The move comes amid a rapid-fire series of executive appointments made by Ianniello, with the board deciding to bring in outside assistance as it continues a series of meetings with top CBS execs and division heads.

In those meetings, which have been ongoing as the board familiarizes itself with the company, a number of executives have complained of “a rising morale problem” at CBS in recent months as legal battles raged with controlling shareholder Shari Redstone over the future of the company. Anxieties  arose before and after longtime CEO Les Moonves resigned September 9 following reports of multiple instances of sexual misconduct going back decades.

Concerns additionally heightened that Ianniello was and remains tainted by his long professional association with Moonves as the ex-CEO and chairman’s highly effective right-hand man for years. Furthermore, Ianniello has struck some on the company’s newly stocked board as lacking the right experience for the top job. An even more prevailing is a feeling that residual fallout from his deep participation with Moonves earlier this year in the lawsuit again Redstone and National Amusements continues.

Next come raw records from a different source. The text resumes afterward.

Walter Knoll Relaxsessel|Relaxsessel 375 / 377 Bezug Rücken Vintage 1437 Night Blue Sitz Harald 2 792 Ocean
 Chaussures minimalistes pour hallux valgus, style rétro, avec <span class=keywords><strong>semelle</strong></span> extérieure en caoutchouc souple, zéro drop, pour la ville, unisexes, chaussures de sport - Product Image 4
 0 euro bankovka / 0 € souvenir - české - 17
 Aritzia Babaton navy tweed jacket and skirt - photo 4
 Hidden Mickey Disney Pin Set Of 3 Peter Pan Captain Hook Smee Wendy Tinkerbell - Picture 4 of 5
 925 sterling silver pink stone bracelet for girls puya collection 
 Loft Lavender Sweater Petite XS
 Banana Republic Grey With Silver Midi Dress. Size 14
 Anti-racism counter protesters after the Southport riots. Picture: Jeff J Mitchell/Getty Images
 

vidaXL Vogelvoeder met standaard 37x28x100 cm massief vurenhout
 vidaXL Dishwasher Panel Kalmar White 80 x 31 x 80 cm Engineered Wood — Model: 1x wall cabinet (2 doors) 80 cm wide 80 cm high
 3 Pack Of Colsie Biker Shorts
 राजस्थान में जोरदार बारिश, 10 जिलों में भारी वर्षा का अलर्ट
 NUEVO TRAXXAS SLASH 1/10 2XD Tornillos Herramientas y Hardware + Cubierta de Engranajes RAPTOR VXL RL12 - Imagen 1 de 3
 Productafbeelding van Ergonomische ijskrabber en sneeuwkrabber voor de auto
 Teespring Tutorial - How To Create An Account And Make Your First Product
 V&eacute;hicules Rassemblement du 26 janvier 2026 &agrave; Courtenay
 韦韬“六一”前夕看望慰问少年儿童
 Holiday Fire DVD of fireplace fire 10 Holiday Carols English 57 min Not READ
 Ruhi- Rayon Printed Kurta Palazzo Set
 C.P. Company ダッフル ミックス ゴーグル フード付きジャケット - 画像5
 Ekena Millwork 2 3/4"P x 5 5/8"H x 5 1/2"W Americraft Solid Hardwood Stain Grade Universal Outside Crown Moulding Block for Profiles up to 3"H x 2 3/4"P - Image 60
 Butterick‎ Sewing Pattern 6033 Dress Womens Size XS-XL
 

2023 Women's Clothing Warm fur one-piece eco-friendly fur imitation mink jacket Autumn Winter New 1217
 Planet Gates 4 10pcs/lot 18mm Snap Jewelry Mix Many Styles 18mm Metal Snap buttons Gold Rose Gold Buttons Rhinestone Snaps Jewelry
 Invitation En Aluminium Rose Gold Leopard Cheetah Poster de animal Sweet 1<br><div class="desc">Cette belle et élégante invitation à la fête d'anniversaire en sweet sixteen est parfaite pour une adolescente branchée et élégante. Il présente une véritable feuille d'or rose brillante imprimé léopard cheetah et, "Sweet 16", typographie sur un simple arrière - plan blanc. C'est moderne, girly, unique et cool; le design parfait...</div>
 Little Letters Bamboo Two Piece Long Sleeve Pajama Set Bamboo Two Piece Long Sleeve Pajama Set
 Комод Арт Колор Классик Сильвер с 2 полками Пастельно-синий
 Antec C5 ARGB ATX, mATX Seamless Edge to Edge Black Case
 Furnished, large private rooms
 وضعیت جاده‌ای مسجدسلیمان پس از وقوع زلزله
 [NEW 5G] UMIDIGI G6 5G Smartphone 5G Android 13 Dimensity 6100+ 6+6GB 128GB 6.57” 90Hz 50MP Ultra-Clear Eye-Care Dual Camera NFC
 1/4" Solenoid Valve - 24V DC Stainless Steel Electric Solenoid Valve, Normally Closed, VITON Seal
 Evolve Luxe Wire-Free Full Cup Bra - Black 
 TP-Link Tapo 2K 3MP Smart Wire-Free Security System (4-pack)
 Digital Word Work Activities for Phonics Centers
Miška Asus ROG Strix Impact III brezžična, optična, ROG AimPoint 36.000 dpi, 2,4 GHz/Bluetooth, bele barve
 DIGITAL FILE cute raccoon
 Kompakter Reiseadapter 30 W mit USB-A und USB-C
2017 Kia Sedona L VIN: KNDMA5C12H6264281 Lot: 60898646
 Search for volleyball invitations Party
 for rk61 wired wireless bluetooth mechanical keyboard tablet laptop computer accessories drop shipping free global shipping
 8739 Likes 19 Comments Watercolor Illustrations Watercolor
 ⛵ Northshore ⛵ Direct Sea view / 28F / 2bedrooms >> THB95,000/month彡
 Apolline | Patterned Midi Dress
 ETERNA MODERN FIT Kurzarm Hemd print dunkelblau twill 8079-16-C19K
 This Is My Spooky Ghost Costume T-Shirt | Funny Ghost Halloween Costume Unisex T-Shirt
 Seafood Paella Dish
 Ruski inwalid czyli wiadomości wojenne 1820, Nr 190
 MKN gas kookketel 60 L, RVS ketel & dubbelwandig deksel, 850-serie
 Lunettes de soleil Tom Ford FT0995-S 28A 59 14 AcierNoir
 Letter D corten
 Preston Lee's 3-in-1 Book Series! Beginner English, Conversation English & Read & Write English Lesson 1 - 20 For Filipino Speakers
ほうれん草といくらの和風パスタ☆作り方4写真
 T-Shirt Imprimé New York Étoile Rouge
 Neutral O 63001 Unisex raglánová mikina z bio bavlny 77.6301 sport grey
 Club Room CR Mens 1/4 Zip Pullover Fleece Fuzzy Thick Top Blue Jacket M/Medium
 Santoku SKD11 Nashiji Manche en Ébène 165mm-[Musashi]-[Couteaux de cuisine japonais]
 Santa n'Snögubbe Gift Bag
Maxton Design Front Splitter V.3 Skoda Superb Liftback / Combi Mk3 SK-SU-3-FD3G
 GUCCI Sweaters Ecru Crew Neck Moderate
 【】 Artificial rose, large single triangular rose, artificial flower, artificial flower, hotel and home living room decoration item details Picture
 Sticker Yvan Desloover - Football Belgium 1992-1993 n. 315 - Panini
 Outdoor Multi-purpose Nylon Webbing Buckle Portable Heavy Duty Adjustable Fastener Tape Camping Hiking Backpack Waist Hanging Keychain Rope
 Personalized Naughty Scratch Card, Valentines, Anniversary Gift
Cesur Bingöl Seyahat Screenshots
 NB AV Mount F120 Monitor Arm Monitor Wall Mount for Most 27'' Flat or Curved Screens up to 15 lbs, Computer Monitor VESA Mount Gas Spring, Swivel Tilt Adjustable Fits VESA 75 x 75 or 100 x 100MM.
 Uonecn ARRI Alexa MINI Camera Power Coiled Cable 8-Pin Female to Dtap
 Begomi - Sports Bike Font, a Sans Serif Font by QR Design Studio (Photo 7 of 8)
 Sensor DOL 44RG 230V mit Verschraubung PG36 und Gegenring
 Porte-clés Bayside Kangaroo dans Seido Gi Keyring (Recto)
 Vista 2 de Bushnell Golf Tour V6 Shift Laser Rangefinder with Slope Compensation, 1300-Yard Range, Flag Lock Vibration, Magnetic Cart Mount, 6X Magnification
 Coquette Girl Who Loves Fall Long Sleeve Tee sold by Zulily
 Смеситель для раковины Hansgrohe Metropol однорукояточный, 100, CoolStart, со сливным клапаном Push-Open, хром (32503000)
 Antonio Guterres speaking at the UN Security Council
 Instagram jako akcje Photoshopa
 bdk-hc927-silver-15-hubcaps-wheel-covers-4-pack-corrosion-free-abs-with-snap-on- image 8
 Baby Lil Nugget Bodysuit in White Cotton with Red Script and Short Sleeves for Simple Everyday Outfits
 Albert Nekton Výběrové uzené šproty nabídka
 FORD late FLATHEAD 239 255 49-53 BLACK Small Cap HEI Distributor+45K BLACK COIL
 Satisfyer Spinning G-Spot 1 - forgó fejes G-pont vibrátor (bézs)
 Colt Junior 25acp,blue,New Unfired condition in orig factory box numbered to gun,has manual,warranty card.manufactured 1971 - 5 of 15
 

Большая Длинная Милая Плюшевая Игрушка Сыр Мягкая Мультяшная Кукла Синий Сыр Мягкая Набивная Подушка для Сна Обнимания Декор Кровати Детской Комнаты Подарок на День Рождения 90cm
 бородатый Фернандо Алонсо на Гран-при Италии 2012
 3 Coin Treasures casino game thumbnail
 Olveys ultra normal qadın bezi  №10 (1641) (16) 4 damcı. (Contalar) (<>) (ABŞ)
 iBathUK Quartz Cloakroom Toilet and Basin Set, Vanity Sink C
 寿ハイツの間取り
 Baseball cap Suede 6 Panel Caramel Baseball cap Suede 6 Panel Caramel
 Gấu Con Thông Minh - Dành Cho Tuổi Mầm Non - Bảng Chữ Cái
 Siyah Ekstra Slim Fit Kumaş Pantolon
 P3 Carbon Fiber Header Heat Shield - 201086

Still, Ianniello remains well in the running for becoming permanent CEO, and Redstone has yet to reveal her hand. The situation is playing out as the quick exit of interim CBS board boss Richard Parsons came in the middle of more corporate musical-chairs moves and several other high-profile departures.

Among the top internal job candidates, much attention is being given to well-regarded Showtime executive David Nevins, who was given expanded responsibilities by Ianniello earlier this month in the newly created position of chief creative officer, where he now has oversight of programming across CBS Television Studios, the network’s entertainment division, Showtime, the CW and CBS All Access. The move has been characterized by some as a deft move by Ianniello of keeping your potential enemies closer. More broadly the appointment was seen as a confident acknowledge by the interim CEO that he lacks programming and creative experience that Nevins can provide as CBS moves into the immediate future.

Other names including former CBS Entertainment executives Nancy Tellem and Nina Tassler and Disney’s ex-COO Tom Staggs have been bandied about in recent weeks too, some more seriously than others. Among the top candidates right now, only Turner’s recently departed boss John Martin has actual CEO stripes.

CBS declined comment today on the matter when contacted by Deadline.

In the meantime, Thursday’s third-quarter earnings call does present Ianniello with a ready-made opportunity to showcase his overall deftness at running the company and keeping the stock healthy — together they could prove the Rubicon he must cross to the CEO job.

Ianniello already is a familiar fixture on CBS’ earnings calls, having been elevated to chief financial officer in 2009 with responsibility for the company’s financial strategy. He often played a supporting role to Moonves, who dominated investor calls with a swagger that came from transforming the network from basement-dweller to top-rated broadcast network for 10 consecutive years.

Uncertainty and uneasiness swirled among investors during CBS’ last earnings call in August, which Ianniello’s appointment to interim CEO in early September was intended to alleviate.

The company’s stock has rallied since July 27, when the New Yorker published the first of two investigative stories detailing allegations of sexual harassment made against Moonves. CBS stock plunged nearly 12%, falling to a low of $50.91, in the first full day of trading after the exposé. Shares have seen dramatic fluctuations over past two months, but closed today at $57.35.

While intrigue about the company’s future leadership and fate will provide the backdrop for tomorrow’s call, the main focus is likely to be on nuts-and-bolts financials. Despite the public storms, the fundamentals are in solid shape; CBS has set company records for revenue in recent quarters and has exceeded internal targets for direct-to-consumer apps CBS All Access and Showtime.

Wall Street analysts are expecting earnings of $1.22 a share, a bump from $1.11 a share in the year-ago period.

In a note last week, Pivotal Research analyst Brian Wieser said the management shuffling is “understandable in context of an organization that is looking to distance itself from the past and move itself forward.”

But regardless of the individual merits and logic of the various roles, Wieser added, “the appointments are also unusual considering the interim nature of the CEO role at this time. … In the short term we don’t think anything should get in the way of anticipated operating trends, but we are mindful that the company may yet go through further organizational changes, whether with the current team in place or another one.”

Which means, to paraphrase that American poet W. Axl Rose, welcome to the jungle, Joe.